DATASET section start

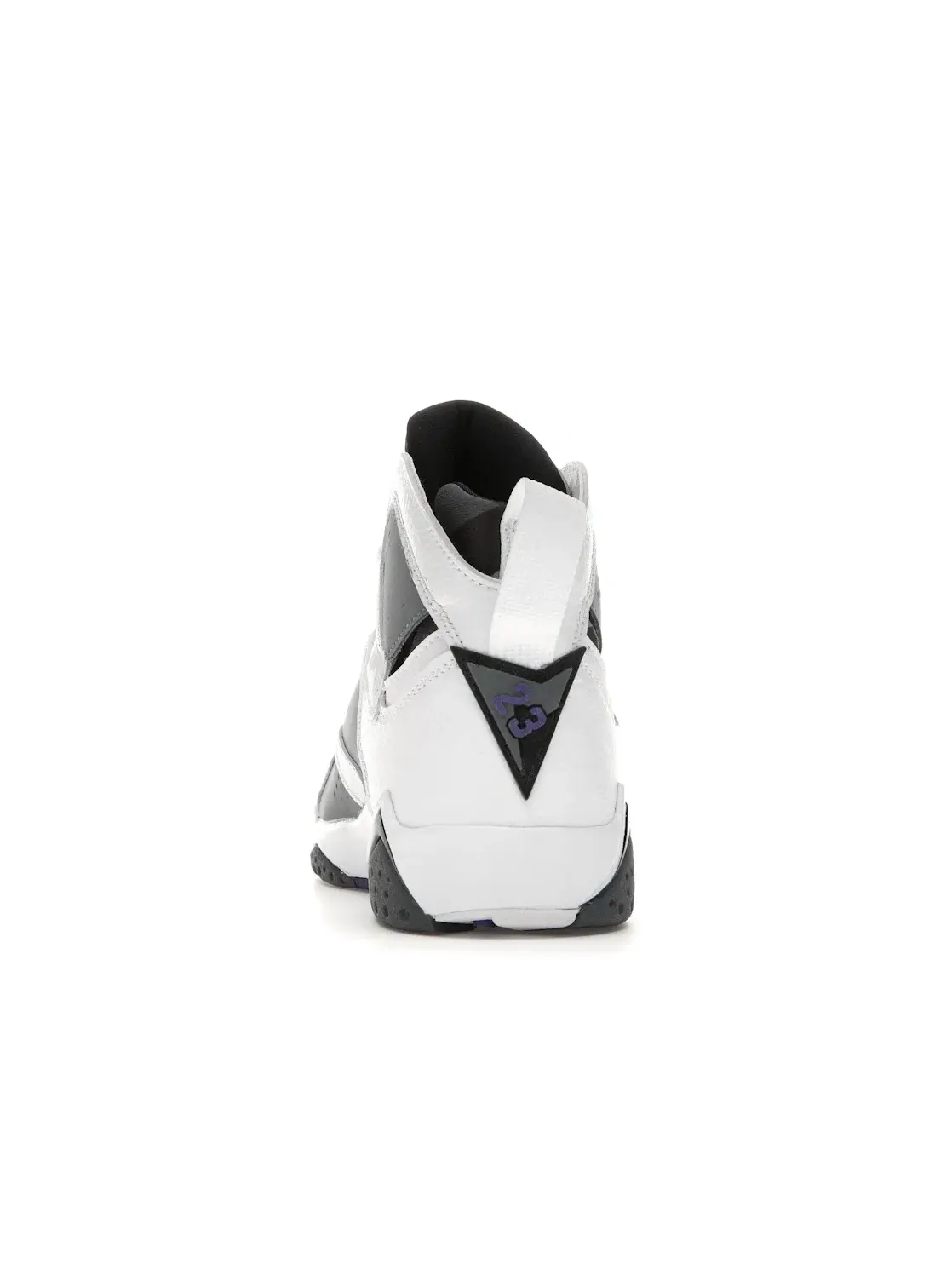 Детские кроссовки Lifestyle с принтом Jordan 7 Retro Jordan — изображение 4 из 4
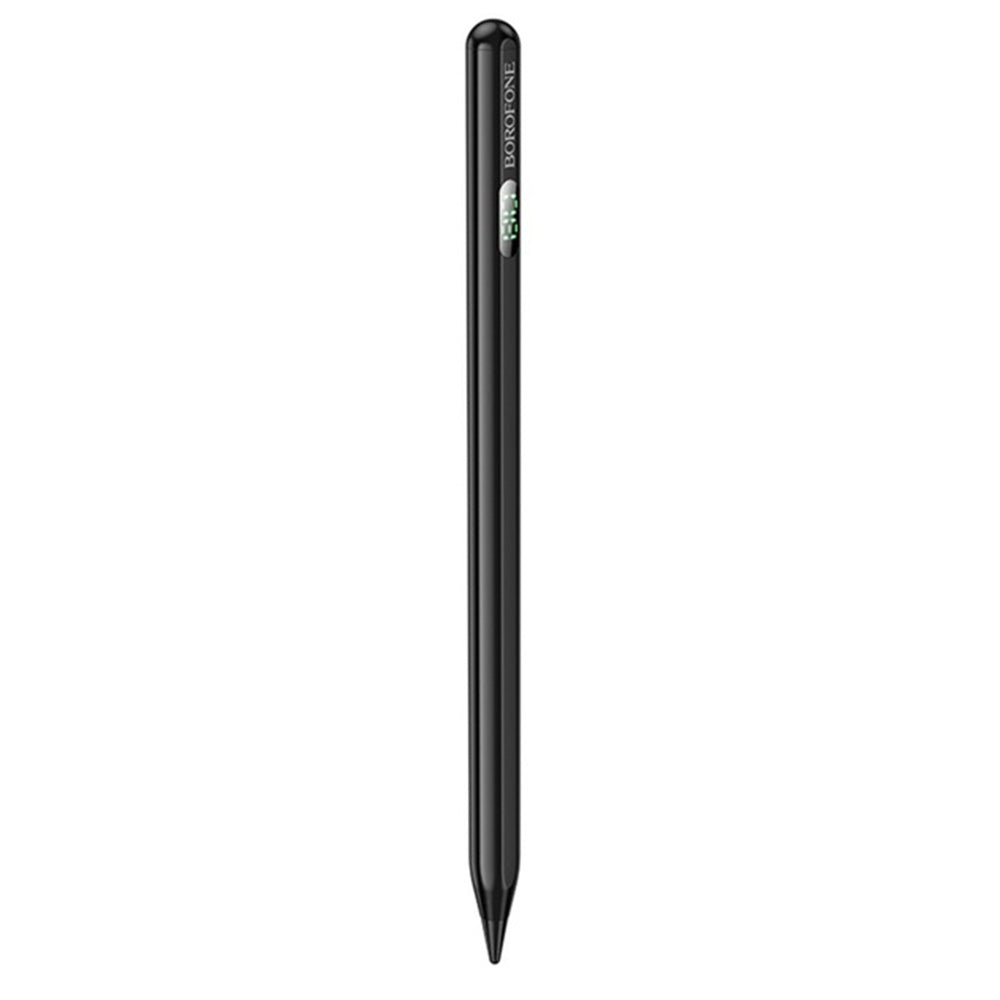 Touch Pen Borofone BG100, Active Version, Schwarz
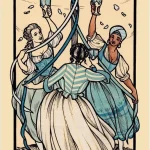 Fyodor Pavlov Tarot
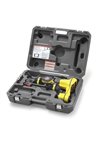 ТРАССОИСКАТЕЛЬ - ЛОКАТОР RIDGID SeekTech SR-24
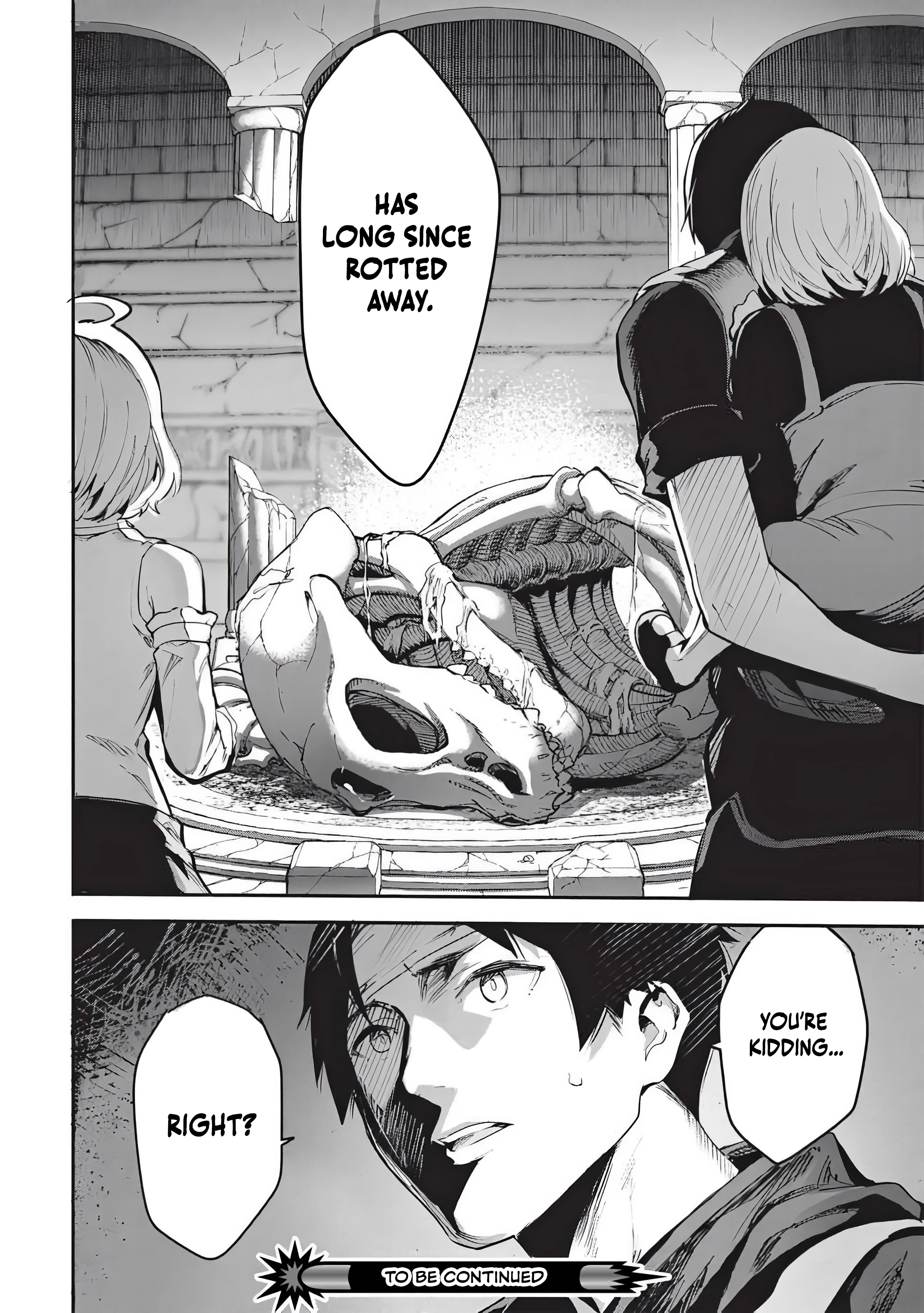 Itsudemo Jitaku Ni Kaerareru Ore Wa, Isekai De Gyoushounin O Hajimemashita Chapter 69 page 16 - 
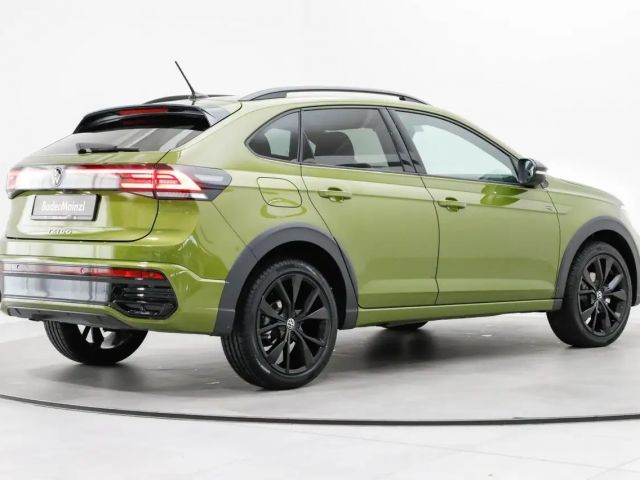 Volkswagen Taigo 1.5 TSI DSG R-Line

DATASET section end

WHAT IS EXPECTED:
From the line that contains "Fyodor Pavlov Tarot" down to the last line of the entries above, copy every line exactly and leave out the pictures.

EXERCISE ANSWER:
 Fyodor Pavlov Tarot
 ТРАССОИСКАТЕЛЬ - ЛОКАТОР RIDGID SeekTech SR-24
 Itsudemo Jitaku Ni Kaerareru Ore Wa, Isekai De Gyoushounin O Hajimemashita Chapter 69 page 16 - 
 Volkswagen Taigo 1.5 TSI DSG R-Line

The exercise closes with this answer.